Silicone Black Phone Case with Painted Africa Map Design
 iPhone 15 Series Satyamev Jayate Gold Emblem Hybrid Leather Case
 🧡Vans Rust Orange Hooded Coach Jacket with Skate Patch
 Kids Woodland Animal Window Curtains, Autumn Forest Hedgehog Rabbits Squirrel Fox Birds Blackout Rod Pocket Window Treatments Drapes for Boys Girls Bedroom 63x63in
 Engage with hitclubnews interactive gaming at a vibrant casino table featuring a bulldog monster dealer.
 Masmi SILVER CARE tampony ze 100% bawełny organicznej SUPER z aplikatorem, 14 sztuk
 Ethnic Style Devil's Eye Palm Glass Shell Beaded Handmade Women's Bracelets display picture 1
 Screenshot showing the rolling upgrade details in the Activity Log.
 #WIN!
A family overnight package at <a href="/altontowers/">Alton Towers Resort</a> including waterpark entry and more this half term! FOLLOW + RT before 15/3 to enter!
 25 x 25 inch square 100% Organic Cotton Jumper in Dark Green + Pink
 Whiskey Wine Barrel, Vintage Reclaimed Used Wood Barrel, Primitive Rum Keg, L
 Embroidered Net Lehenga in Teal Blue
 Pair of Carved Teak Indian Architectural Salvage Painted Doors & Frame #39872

#### [Action item]
Copy out every record exactly.

#### [Expected answer]
Silicone Black Phone Case with Painted Africa Map Design
 iPhone 15 Series Satyamev Jayate Gold Emblem Hybrid Leather Case
 🧡Vans Rust Orange Hooded Coach Jacket with Skate Patch
 Kids Woodland Animal Window Curtains, Autumn Forest Hedgehog Rabbits Squirrel Fox Birds Blackout Rod Pocket Window Treatments Drapes for Boys Girls Bedroom 63x63in
 Engage with hitclubnews interactive gaming at a vibrant casino table featuring a bulldog monster dealer.
 Masmi SILVER CARE tampony ze 100% bawełny organicznej SUPER z aplikatorem, 14 sztuk
 Ethnic Style Devil's Eye Palm Glass Shell Beaded Handmade Women's Bracelets display picture 1
 Screenshot showing the rolling upgrade details in the Activity Log.
 #WIN!
A family overnight package at <a href="/altontowers/">Alton Towers Resort</a> including waterpark entry and more this half term! FOLLOW + RT before 15/3 to enter!
 25 x 25 inch square 100% Organic Cotton Jumper in Dark Green + Pink
 Whiskey Wine Barrel, Vintage Reclaimed Used Wood Barrel, Primitive Rum Keg, L
 Embroidered Net Lehenga in Teal Blue
 Pair of Carved Teak Indian Architectural Salvage Painted Doors & Frame #39872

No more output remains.